Panda Express chefs are now experimenting with bolder ingredients such as fermented black beans, XO sauce and fish sauce in the belief that customers are ready to expand their culinary boundaries.
“Our guests are evolving in their tastes and what they want,” said Andrea Cherng, 37, the company’s chief marketing officer and daughter of Co-Chief Executives Andrew and Peggy Cherng. “Especially now in terms of the food industry’s transformation. We have to elevate our game.”
Few companies have as much influence shaping a single cuisine as Panda Restaurant Group, founded in 1983. The business racked up $2.2 billion in revenue last year, nearly doubling in just four years at a time when sales volumes at Asian and Indian restaurants have been stagnant, according to research firm NDP Group.
When a Panda Express dish is a hit like its mushroom chicken, it will start appearing on the menus of mom-and-pop Chinese eateries. Even orange chicken has been flattered by imitation in the form of Trader Joe’s frozen Mandarin Orange Chicken.
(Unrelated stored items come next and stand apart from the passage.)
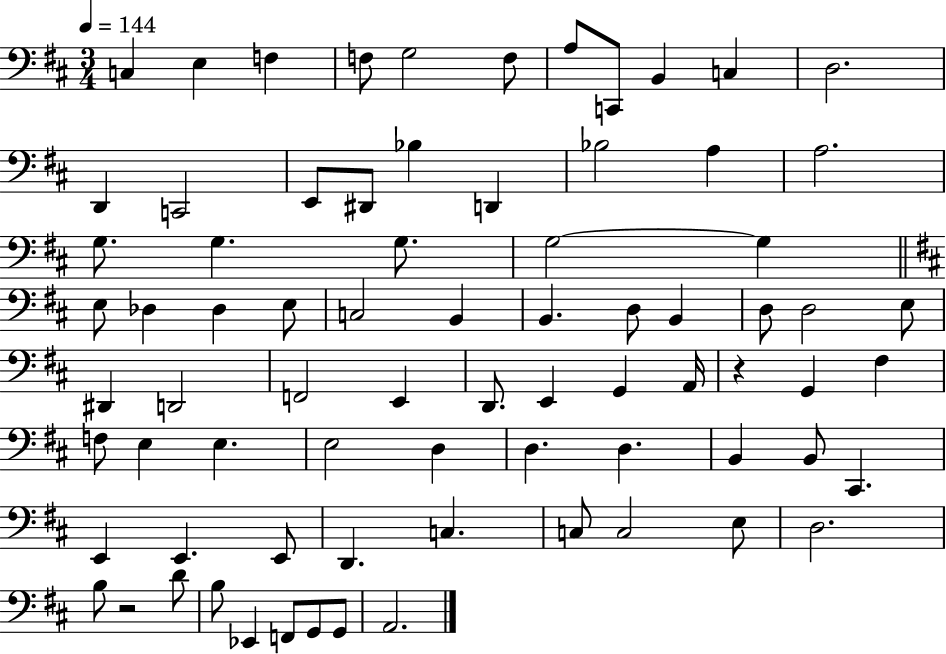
C3/q E3/q F3/q F3/e G3/h F3/e A3/e C2/e B2/q C3/q D3/h. D2/q C2/h E2/e D#2/e Bb3/q D2/q Bb3/h A3/q A3/h. G3/e. G3/q. G3/e. G3/h G3/q E3/e Db3/q Db3/q E3/e C3/h B2/q B2/q. D3/e B2/q D3/e D3/h E3/e D#2/q D2/h F2/h E2/q D2/e. E2/q G2/q A2/s R/q G2/q F#3/q F3/e E3/q E3/q. E3/h D3/q D3/q. D3/q. B2/q B2/e C#2/q. E2/q E2/q. E2/e D2/q. C3/q. C3/e C3/h E3/e D3/h. B3/e R/h D4/e B3/e Eb2/q F2/e G2/e G2/e A2/h.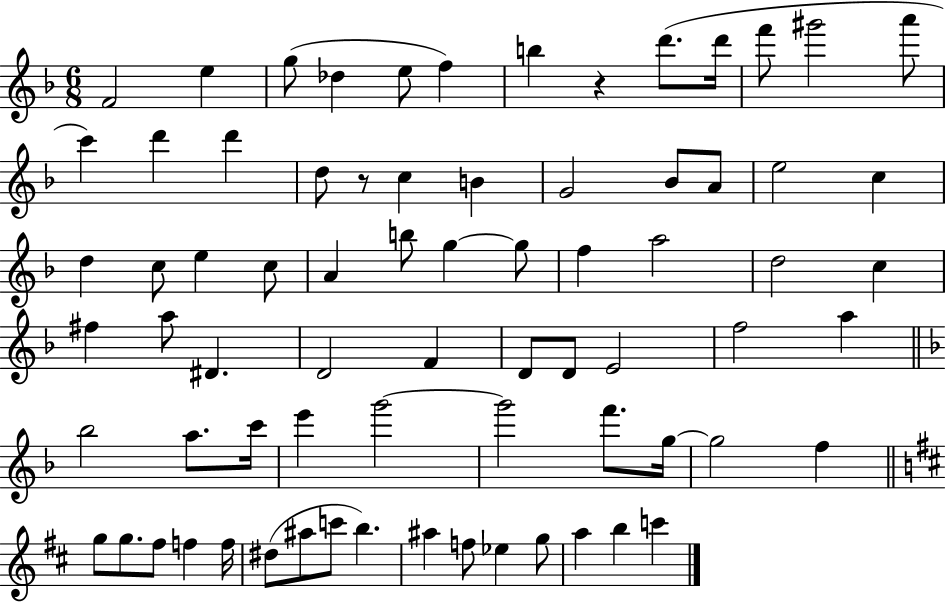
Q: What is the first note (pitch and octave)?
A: F4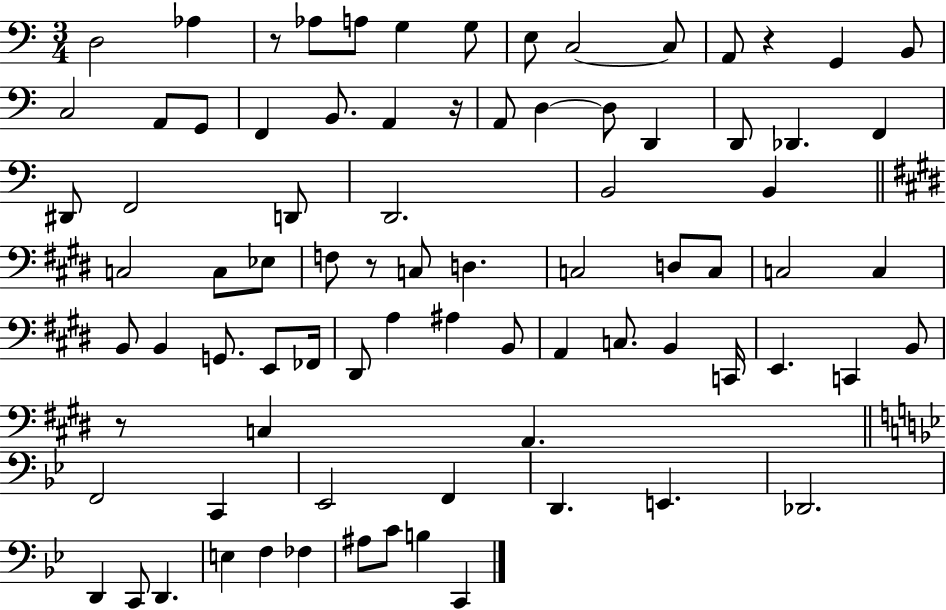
X:1
T:Untitled
M:3/4
L:1/4
K:C
D,2 _A, z/2 _A,/2 A,/2 G, G,/2 E,/2 C,2 C,/2 A,,/2 z G,, B,,/2 C,2 A,,/2 G,,/2 F,, B,,/2 A,, z/4 A,,/2 D, D,/2 D,, D,,/2 _D,, F,, ^D,,/2 F,,2 D,,/2 D,,2 B,,2 B,, C,2 C,/2 _E,/2 F,/2 z/2 C,/2 D, C,2 D,/2 C,/2 C,2 C, B,,/2 B,, G,,/2 E,,/2 _F,,/4 ^D,,/2 A, ^A, B,,/2 A,, C,/2 B,, C,,/4 E,, C,, B,,/2 z/2 C, A,, F,,2 C,, _E,,2 F,, D,, E,, _D,,2 D,, C,,/2 D,, E, F, _F, ^A,/2 C/2 B, C,,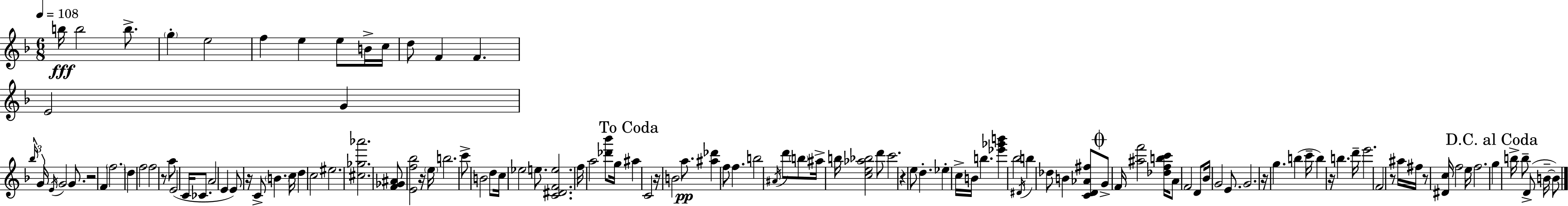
{
  \clef treble
  \numericTimeSignature
  \time 6/8
  \key f \major
  \tempo 4 = 108
  b''16\fff b''2 b''8.-> | \parenthesize g''4-. e''2 | f''4 e''4 e''8 b'16-> c''16 | d''8 f'4 f'4. | \break e'2 g'4 | \tuplet 3/2 { \grace { bes''16 } g'16 \acciaccatura { e'16 } } g'2 g'8. | r2 f'4 | \parenthesize f''2. | \break d''4 f''2 | f''2 r8 | a''8 e'2( c'16 ces'8. | a'2 e'4 | \break e'8) r16 c'8-> \parenthesize b'4. | c''16 d''4 c''2 | eis''2. | <cis'' ges'' aes'''>2. | \break <f' ges' ais'>8 <e' f'' bes''>2 | r16 \parenthesize e''16 b''2. | c'''8-> b'2 | d''8 c''16 ees''2 e''8. | \break <c' dis' f' e''>2. | f''16 a''2 <des''' bes'''>8 | g''16 \mark "To Coda" ais''4 c'2 | r16 b'2 a''8.\pp | \break <ais'' des'''>4 f''8 f''4. | b''2 \acciaccatura { ais'16 } d'''8 | \parenthesize b''8 ais''16-> b''16 <c'' e'' aes'' bes''>2 | d'''8 c'''2. | \break r4 e''8 d''4.-. | ees''4-. c''16-> b'16 b''4. | <ees''' ges''' b'''>4 bes''2 | \acciaccatura { dis'16 } b''4 des''8 b'4 | \break <c' d' aes' fis''>8 \mark \markup { \musicglyph "scripts.coda" } g'8-> f'16 <ais'' f'''>2 | <des'' f'' b'' c'''>16 a'8 f'2 | d'8 bes'16 g'2 | e'8. g'2. | \break r16 g''4. b''4( | c'''16-- b''4) r16 b''4. | d'''16-- e'''2. | f'2 | \break r8 ais''16 fis''16 r8 <dis' c''>16 f''2 | e''16 f''2. | \mark "D.C. al Coda" g''4 b''16-> b''8-- d'8->( | b'16--~~ b'8) \bar "|."
}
The company typically introduces two new dishes a year to a menu designed to feature both healthful and caloric choices. There’s little margin for error. A new menu item can take between 18 months and five years to develop. Recipes will be tweaked dozens of times, and thousands of people will be interviewed in focus groups and taste panels.
Finding the winning recipe for the meatball falls mostly on Jimmy Wang, Panda’s director of culinary innovation. Kao, the orange chicken inventor, is set to retire soon.
The Taiwan-born Wang has introduced unusual burrito-like wraps to cradle things like chow mein and honey walnut shrimp at the company’s Innovation Kitchen, where the public can order some of the test menu items.
“There’s a way to make this dish. I just haven’t found it yet,” Wang, 36, said of the meatballs.
Among the ideas being batted around: making the dish a soup item or a noodle bowl.
“I don’t quit. I’m not that guy,” Wang said. “This might be my orange chicken.”